Found that article from Linux Magazine titled Having Yum for Breakfast via Distrowatch. According to the test apt-deb easily beats yum. Any comments about result and factors that affect it? From what I understand, apt-deb is static by nature unlike yum (dynamic) which could probably explain faster transaction.

Update: Added author's blog related to the article.

Comments

Jef Spaleta said…
See if you can get the exact step-by-step methodology used in creating the benchmarks.

better yet see if you can get the full log of the screen session used to do create the data for the benchmarks.

There could be a flaw in the methodology that biases towards apt operation. Can't know if it was a fair test unless the specifics of how to run the test are made available for review.


-jef
Anonymous said…
I think that article is some FUD on yum. In the comments the author (assuming that it is the writer) seems to point out that, these tests where not done on a network as noted here (the emphasis is mine)
"That’s true, but it’s rather hard to test, especially when connection speeds come into it and finding packages the same size. I think it’s safe to say that you’ll be downloading less by using the deltas than you would on Debian.

For these tests, all packages were pre-downloaded so bypass the network download issue."

I find that odd since, based on there functions, network downloads are what they do. Even with the localinstall flag, fetching from the internet is what they are designed for... so this review seem to be designed to do something that yum nor apt happened to be designed for?

I don't know, that seems odd... Maybe I am wrong?
Duv
Jef Spaleta said…
duvworld

You are wrong, in a way. Network activity across the external internet can be subject to all sorts of different factors outside of your control. Such network activity would distort the timing benchmarks greatly.

Its actually far more scientific if you work from local caches of the repository metadata and the packages to avoid any external network activity during the benchmark tests.

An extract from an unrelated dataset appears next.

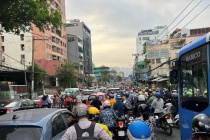 Đến 2029, chuyển đổi toàn bộ xe 2 bánh xăng sang điện cho tài xế công nghệ
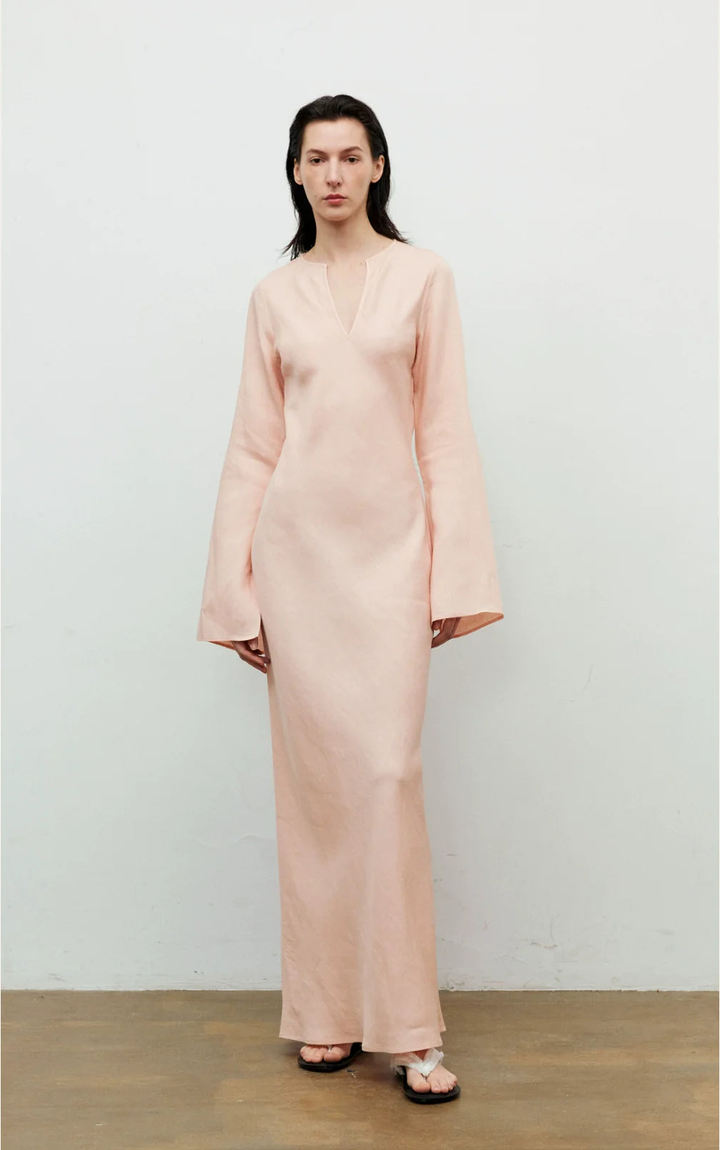 فستان ماكسي بأكمام واسعة وفتحة رقبة مشقوقة – سولانا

These tools do all their dep resolution transactions from local data stores regadless. Excluding the variability of network access is actually the most appropriate thing to do if your goal is to test transaction speed.

That being said, pulling packages and/or repository level metadata across the network has an objective cost in terms of user interaction perception, that is worth talking about, if you can adequately separate that out from other operations.

In fact my biggest concern is that the benchmark author did not adequately segregate network activity for repository metadata when doing the test.
To make sense of the benchmarks I need details of the methodology used to run the tests, so I can reproduce the tests for myself.

-jef
Jef: Good catch about the log. To answer the first paragraph, I cannot because of the lack of information of packages used for the test.

Also the way both yum and apt differ is due to the fact yum is designer for smooth transaction like for example: yum update is equivalent ot apt-get dist && apt-get update (I can't remember as I haven't used it for a while).



duvword: The author and writer is the same. He used to build Kororaa, a Gentoo based distribution, and mostly manually update package. I am updating the blog to add his blog so issues can be discussed.